Higg Co is no more.
The technology platform that hosts the popular Higg Index suite of social and environmental measurement tools is rebranding to Worldly, a move that it said it made, in part, to cut the confusion over who the organization is and what it does.
The Higg Index, which is owned by the Sustainable Apparel Coalition (SAC), the trade group from which Higg Co spun off in 2019, will retain its name. The SAC will also retain a shareholder stake in the new company.
Riffing off a reporter’s analogy, Jason Kibbey, Worldly’s CEO, compared the SAC to a movie studio and Worldly to Netflix. Worldly will continue to “broadcast” the SAC’s “films,” i.e. the Higg Index, to which it holds an exclusive license, but it might also do the same for a different “studio.” And, should it spy a gap in the market, it will create “films” of its own.
The latter point, fueled by heated conversations over the past year about the Higg Materials Sustainability Index’s ability to accurately capture a material’s footprint, is another reason for the identity change, Kibbey said.
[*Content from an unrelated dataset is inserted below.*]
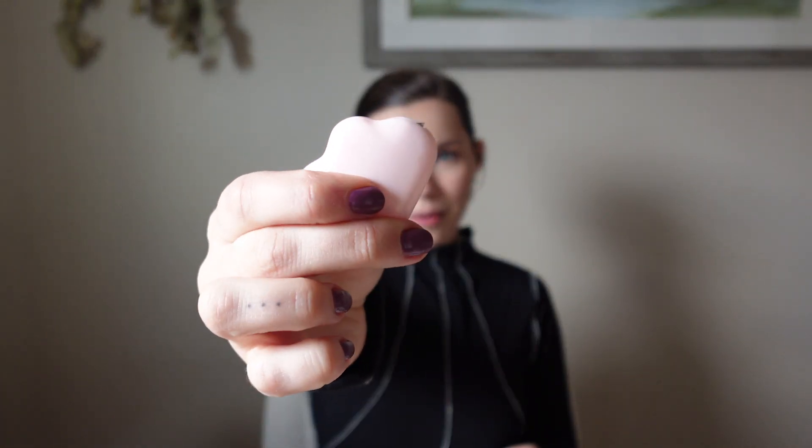I just got the package delivered today, so I'm going to unbox it with you guys. Got my little cloud box cutter.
Higg Co, he said, realized it needed to be more of an intelligence hub, one with the flexibility to evolve in line with changing market and regulatory demands.
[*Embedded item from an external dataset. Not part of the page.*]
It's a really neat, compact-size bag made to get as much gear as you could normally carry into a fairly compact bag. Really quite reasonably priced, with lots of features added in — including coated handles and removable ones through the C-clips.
“Like where is the world going in terms of data and claims and making [them] actionable?” he asked. “And I think what we recognized is that we actually needed to be building some new tools that would allow a lot of the parts of the value chain that have just not been touched yet.”
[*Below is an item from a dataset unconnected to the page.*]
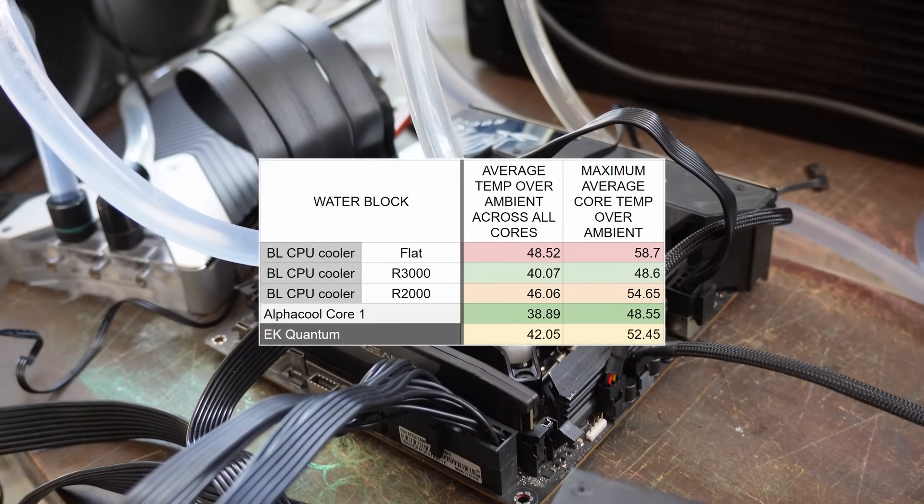We then installed a Thermal Right contact frame on the Intel build just like we had on AMD, but at that moment I dropped a screw on the motherboard and bricked it — so the testing had to end there. We never got any results with the Thermal Right contact frame on Intel, so we will do that in a future video. It was very frustrating because we thought maybe with that contact frame we might end up closer to AlphaCool.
These include what Kibbey described as the “huge percentage” of Tier 2 production, which includes yarn spinning and fabric milling, that’s never been measured in terms of carbon, water and even social impact. That’s data that needs to be freed, he said.
“We started hearing requests from our customers and hearing from some of the factories that they wanted something really light and easy that could get carbon and water data quickly,” he said. “And so we knew that we actually needed to launch this as a new product and launch other new products to meet the challenges of due diligence as well as other things that are going to be outside of the Higg index [but] still very complementary.”
Worldly’s “All Quiet on the Western Front,” to continue the Netflix analogy, is the Factory Data Solution, which it says is an “industry-first” effort to capture and share real-time utility bill data from factories across the supply chain. It has tapped inspection and certification giant SGS to help it determine the accuracy of the data at scale, though it may recruit others as the scheme grows.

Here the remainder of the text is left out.